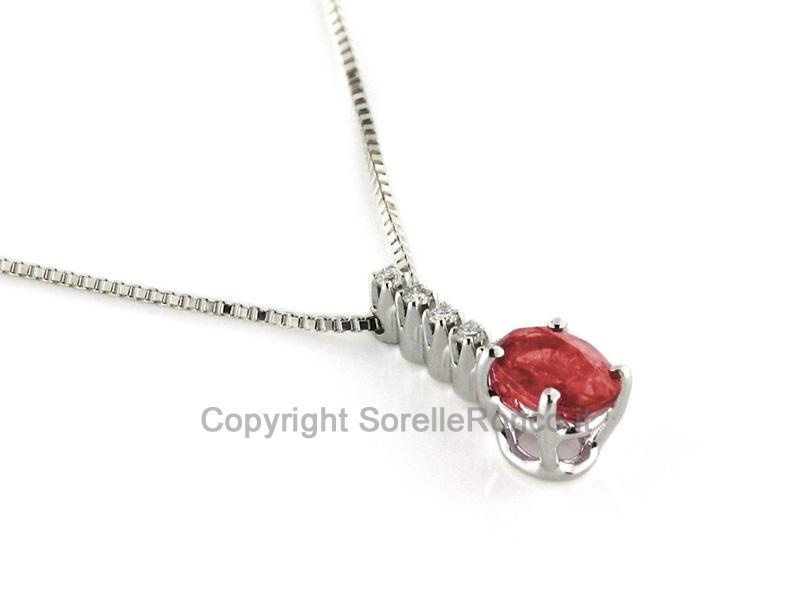 COLLANA CON DIAMANTI E RUBINO 0.60-0.70 CT  6X4MM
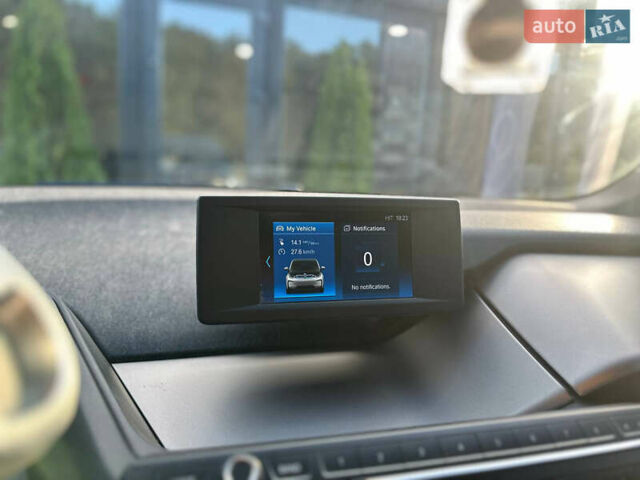 Білий БМВ І3, об'ємом двигуна 0 л та пробігом 148 тис. км за 12800 $, фото 11 на Automoto.ua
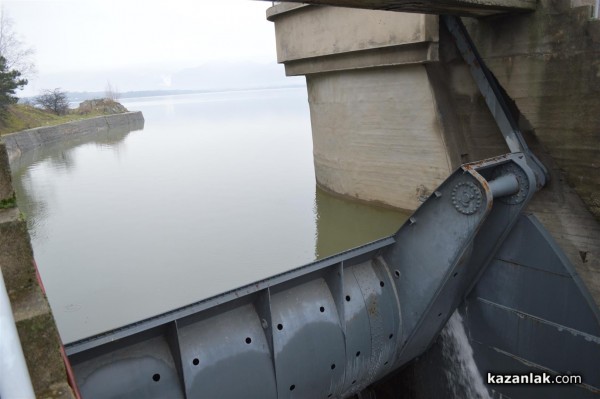 Язовир Копринка преля! Още не са свалени шлюзовете. СНИМКИ (обновена)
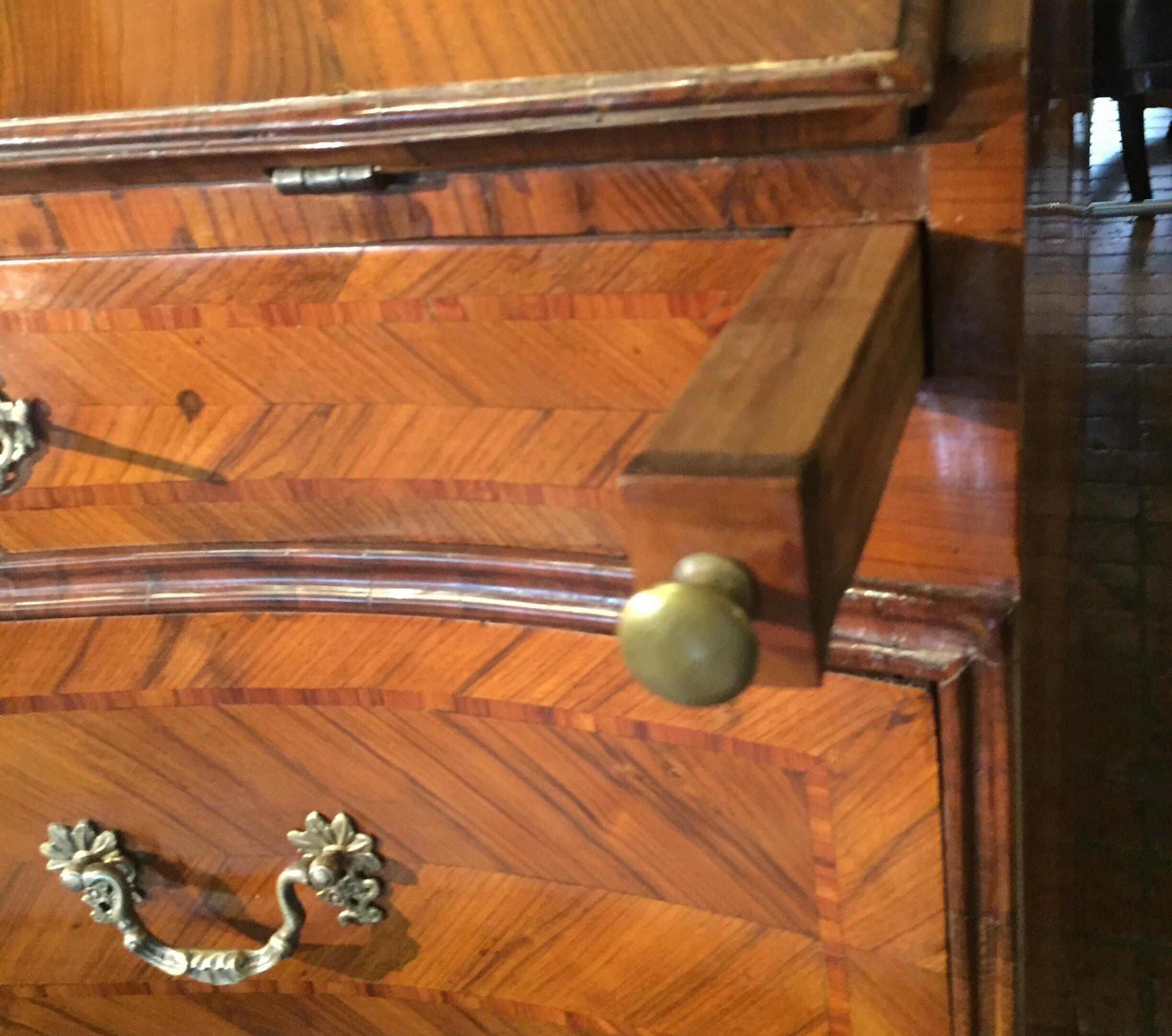 18th Century Louis XV Bureau Italian Genoese Walnut Marquetry Drop-Front Desk For Sale 10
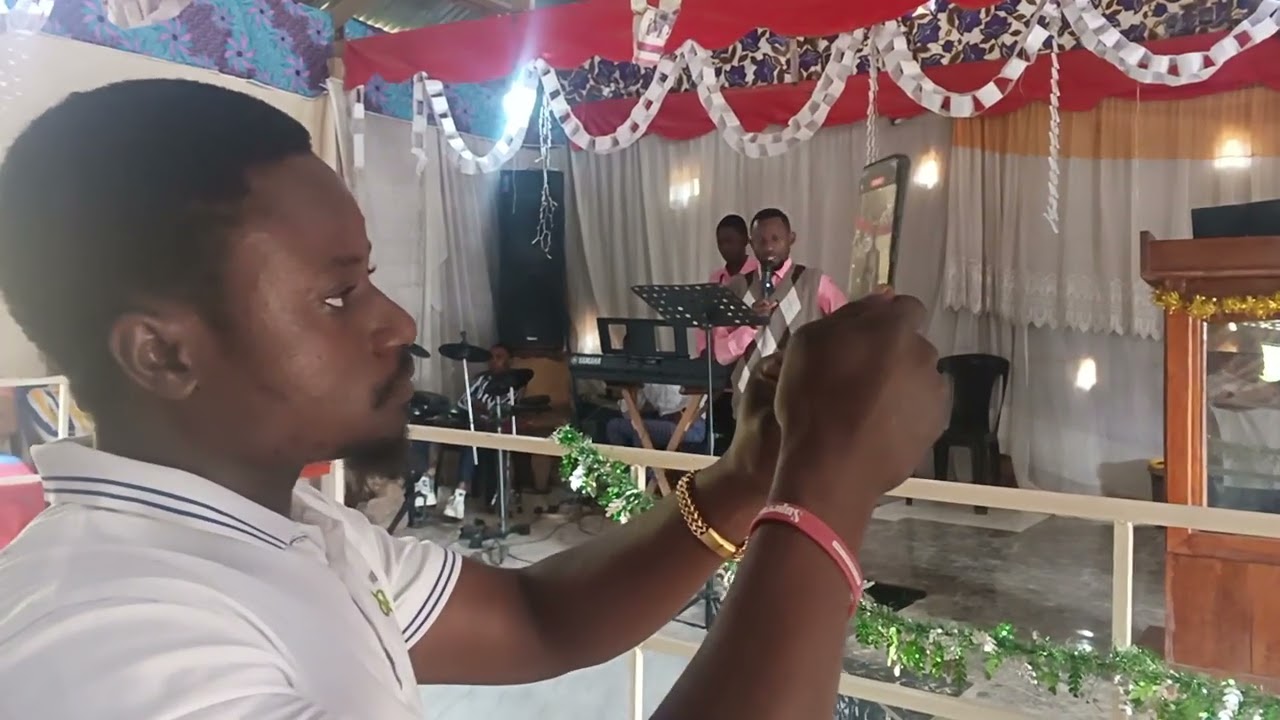 Prédication avec le Rév. Pasteur José Kabuya à l'église C.E.C LUIZA au culte de dimanche 15 fév 2026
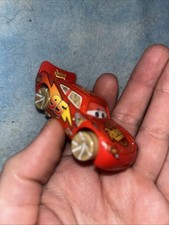 Disney Pixar Cars Paint Mask Lightning McQueen Eyes Lenticular Chase Diecast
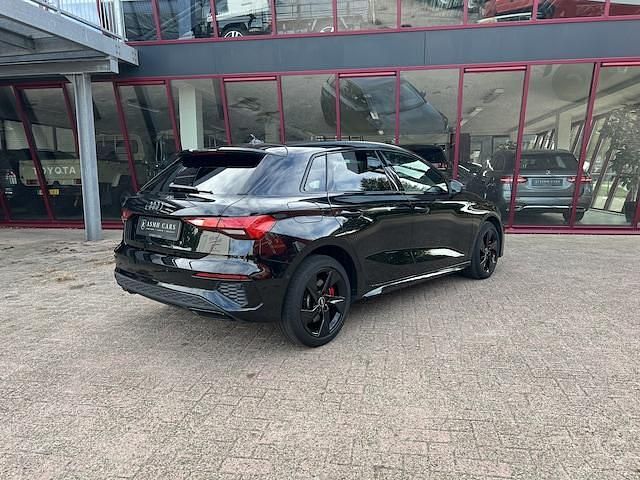 Occasion Audi A3 Sportback e-tron Competition 245 PK (180 kW) 2022 Zwart Hatchback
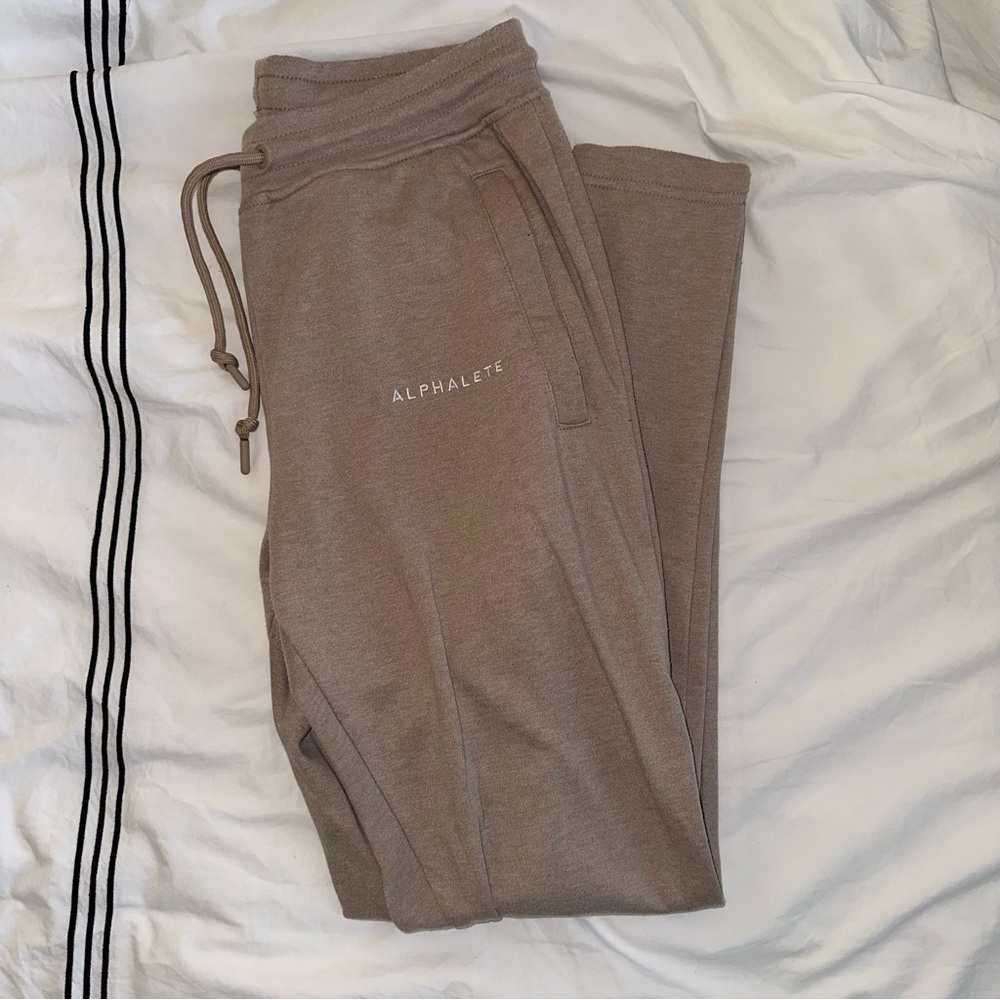 Alphalete joggers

--*--

§ WHAT THE EXERCISE ASKS:
Retype the listing exactly. Leave the pictures out.

§ EXERCISE RESPONSE:
 COLLANA CON DIAMANTI E RUBINO 0.60-0.70 CT  6X4MM
 Білий БМВ І3, об'ємом двигуна 0 л та пробігом 148 тис. км за 12800 $, фото 11 на Automoto.ua
 Язовир Копринка преля! Още не са свалени шлюзовете. СНИМКИ (обновена)
 18th Century Louis XV Bureau Italian Genoese Walnut Marquetry Drop-Front Desk For Sale 10
 Prédication avec le Rév. Pasteur José Kabuya à l'église C.E.C LUIZA au culte de dimanche 15 fév 2026
 Disney Pixar Cars Paint Mask Lightning McQueen Eyes Lenticular Chase Diecast
 Occasion Audi A3 Sportback e-tron Competition 245 PK (180 kW) 2022 Zwart Hatchback
 Alphalete joggers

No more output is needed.